At this year’s European Association of Retina Specialists (EURETINA) conference, Boris Stanzel, MD, visited the Ophthalmology Times Europe booth. Dr. Stanzel spoke on a wide range of topics, including central visual field thickness (CST) measurement in age-related macular degeneration (AMD) and diabetic macular edema (DME), choosing the right intraocular lens for patients with geographic atrophy (GA), and in-clinic applications of artificial intelligence (AI), among other exciting symposia from the conference.
Editor’s note: The transcript below has been lightly edited for clarity.
Dr. Boris Stanzel: Hello, my name is Boris Stanzel. I am a professor of ophthalmology at the University of Bonn, but my main practice is at the Sulzbach Eye Clinic in Germany. Our usual underdog statement is that nobody knows about Sulzbach. Sulzbach is on the southwestern border, on the border with France and Luxembourg, and is very famous for its wine. Jokes aside, we are the largest surgical retina center in Germany and one of the top three for retinal care in the country.
I made a couple of contributions at EURETINA. One that I talked about was fluid quantification with the RetInSight fluid monitor in VABYSMO (faricimab-svoa) patients in a real-world cohort. Basically, when we compared fluid quantification in AMD to CST measurements, we found that CST underestimated dryness with VABYSMO by 2x and CST underestimated dryness by 4x in DME. So if you translate that to, say, a switcher population, basically AMD patients get up to 40% more dryness when you put VABYSMO on them. DME patients get up to 60% more dryness when you put VABYSMO on them. So this is the first time we’ve quantified these data. It’s a small cohort, but it seems like it’s reproducible within a lot of incremental data acquisition that we’ve done.
Another contribution that we made at the conference was that we looked at a new intraocular lens, a monofocal lens with a hyperspherical design. This is very interesting for patients who have some kind of macular atrophy. Geographic atrophy is a big buzzword right now, so a lot of patients who have macular atrophy lose their gaze. Gaze can be quantified with micro-perimetry. In other words, when you first turn on the micro-perimetry device, you get what’s called a gaze cloud. The bigger the gaze cloud, the worse the patient’s ability to gaze. Our theory was that when you insert a regular lens, the IOL basically shines (the light path) into the macular scar, which doesn’t make sense. But with a lens that has a wider field of view, you can actually see the relatively healthy area at the edge of the scar, and thereby potentially reduce the gaze cloud. And this is exactly what happened in a smaller patient group. It was basically unrelated to approval or transparency. We also saw a reduction in the fixation point. This is probably an unexplored area in the field of visual rehabilitation for patients at this point. So I would add that we basically don’t have a control group. Therefore, although we are still in the exploratory stage at this point, if we understand how to use this lens and how it functions, there is a high possibility that it will be possible to equip patients with macular disease with it, and I think this is a very interesting technology.
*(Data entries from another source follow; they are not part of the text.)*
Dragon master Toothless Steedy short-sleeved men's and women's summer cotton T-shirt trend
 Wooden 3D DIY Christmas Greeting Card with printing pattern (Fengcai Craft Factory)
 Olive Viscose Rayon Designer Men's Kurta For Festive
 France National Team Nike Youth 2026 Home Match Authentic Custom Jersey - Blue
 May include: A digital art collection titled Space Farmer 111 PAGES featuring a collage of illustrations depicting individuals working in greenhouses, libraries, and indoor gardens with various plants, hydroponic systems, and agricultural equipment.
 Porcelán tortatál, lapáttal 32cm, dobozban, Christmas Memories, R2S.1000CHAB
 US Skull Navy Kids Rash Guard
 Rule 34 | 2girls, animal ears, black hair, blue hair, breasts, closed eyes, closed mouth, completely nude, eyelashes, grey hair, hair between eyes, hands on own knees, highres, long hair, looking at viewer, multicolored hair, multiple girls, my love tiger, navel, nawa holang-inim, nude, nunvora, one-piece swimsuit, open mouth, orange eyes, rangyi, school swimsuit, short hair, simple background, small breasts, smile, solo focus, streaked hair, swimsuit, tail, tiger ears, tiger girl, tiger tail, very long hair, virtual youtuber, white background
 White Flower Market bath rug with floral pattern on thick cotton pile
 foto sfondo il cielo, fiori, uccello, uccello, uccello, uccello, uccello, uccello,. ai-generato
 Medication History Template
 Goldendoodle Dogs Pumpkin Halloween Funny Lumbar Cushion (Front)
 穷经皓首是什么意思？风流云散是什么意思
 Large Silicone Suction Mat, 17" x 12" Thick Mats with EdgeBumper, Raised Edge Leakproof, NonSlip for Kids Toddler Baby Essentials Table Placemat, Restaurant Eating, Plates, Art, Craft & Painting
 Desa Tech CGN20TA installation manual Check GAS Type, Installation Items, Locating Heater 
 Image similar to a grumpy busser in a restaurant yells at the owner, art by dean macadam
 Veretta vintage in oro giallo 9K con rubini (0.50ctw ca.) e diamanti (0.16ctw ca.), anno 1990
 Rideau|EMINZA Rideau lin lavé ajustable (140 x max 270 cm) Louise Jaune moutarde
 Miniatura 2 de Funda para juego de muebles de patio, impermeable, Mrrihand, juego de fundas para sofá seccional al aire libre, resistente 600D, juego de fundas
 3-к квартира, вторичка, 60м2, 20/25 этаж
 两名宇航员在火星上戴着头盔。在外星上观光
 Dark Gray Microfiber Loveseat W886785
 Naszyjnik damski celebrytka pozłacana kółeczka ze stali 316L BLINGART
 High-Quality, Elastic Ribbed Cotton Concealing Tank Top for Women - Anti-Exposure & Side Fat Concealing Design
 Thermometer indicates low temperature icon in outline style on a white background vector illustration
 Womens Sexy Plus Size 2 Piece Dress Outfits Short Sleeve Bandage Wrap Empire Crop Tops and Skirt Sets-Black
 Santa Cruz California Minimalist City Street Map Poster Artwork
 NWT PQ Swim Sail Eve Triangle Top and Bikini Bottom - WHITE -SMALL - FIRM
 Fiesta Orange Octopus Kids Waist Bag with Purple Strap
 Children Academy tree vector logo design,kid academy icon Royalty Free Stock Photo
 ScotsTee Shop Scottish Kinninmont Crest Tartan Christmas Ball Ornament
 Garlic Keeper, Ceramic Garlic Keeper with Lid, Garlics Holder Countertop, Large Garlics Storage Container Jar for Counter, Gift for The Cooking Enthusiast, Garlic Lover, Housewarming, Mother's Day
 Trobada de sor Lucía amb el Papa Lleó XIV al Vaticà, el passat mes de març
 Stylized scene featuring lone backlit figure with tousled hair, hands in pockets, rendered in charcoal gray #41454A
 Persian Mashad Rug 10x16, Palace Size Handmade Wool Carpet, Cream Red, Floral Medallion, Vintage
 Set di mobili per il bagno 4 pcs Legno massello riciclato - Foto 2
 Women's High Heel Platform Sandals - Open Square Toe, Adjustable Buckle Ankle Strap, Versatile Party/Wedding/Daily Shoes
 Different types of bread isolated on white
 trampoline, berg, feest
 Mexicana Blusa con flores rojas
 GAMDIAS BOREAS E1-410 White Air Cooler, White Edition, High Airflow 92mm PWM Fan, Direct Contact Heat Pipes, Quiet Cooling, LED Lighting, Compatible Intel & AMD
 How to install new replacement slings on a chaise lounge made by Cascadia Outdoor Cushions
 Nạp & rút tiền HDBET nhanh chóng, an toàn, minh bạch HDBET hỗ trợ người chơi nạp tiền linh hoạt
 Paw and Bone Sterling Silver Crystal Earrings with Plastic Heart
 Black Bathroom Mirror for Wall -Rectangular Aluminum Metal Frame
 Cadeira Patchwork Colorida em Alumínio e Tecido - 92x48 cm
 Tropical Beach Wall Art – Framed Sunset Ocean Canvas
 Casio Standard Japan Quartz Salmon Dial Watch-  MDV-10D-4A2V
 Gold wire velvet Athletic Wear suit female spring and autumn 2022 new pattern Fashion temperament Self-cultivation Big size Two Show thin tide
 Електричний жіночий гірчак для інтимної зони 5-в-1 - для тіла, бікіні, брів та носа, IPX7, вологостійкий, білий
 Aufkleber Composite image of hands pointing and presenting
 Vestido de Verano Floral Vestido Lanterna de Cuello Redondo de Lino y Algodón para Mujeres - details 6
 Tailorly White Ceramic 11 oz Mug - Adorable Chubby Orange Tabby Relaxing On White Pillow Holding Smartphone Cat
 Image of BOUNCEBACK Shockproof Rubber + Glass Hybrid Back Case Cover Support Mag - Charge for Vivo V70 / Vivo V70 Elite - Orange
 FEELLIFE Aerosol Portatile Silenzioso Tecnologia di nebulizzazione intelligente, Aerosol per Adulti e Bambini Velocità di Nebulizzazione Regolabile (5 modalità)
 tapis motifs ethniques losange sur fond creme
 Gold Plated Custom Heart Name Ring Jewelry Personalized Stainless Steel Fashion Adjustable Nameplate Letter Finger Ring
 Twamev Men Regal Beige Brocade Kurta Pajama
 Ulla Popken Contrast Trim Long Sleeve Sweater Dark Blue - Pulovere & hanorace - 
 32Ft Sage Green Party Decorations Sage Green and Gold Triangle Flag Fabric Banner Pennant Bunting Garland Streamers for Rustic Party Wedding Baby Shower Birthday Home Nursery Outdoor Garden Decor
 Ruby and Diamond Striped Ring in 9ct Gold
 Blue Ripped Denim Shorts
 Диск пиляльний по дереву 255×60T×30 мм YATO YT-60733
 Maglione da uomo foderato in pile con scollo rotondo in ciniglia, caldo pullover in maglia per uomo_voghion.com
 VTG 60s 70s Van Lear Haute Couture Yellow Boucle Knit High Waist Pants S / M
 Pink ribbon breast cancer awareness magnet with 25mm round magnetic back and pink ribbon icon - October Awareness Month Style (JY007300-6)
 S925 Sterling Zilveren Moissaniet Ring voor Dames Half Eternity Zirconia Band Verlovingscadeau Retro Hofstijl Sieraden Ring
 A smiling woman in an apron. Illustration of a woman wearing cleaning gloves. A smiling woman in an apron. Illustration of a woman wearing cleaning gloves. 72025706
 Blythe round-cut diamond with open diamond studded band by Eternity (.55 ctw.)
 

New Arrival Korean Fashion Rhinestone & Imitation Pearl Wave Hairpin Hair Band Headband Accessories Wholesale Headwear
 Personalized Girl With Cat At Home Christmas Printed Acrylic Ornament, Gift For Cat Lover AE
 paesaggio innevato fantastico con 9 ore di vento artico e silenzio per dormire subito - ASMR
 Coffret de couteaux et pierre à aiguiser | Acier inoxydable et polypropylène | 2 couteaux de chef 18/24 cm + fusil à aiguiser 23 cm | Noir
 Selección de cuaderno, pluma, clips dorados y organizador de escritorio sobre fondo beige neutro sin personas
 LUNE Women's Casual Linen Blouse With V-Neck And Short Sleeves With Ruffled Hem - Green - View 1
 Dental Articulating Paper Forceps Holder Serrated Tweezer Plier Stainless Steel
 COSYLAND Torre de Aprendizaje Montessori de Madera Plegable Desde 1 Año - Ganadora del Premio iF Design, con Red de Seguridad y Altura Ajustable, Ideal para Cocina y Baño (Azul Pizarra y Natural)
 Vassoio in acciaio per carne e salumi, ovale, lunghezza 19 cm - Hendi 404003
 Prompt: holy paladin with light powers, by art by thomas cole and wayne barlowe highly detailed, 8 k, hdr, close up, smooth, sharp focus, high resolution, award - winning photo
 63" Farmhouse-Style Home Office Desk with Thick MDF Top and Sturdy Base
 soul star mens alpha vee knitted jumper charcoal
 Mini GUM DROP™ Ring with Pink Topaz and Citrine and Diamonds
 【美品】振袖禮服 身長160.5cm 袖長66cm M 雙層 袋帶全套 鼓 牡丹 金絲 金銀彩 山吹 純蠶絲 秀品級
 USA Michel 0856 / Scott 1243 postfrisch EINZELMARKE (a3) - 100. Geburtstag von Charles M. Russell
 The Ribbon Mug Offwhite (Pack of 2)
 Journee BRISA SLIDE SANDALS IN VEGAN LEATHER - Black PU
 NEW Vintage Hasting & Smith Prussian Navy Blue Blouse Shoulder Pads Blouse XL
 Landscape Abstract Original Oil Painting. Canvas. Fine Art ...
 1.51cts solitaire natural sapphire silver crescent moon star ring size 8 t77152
What else excited me about this conference? You know, AI is everywhere. So we all have this problem: “I saw this patient then, and then I saw another patient, and I need to contact the clinic manager, can you make a list for me?” And recently I came across a presentation at the EURETINA Innovation Symposium, and the result of that presentation was, “This is a Chat GPT-like technology, you tell it what you want, and it will populate the medical records and look up the patient for you.” Amazing! I’m not saying that AI will replace humans, but this idea is very close to that.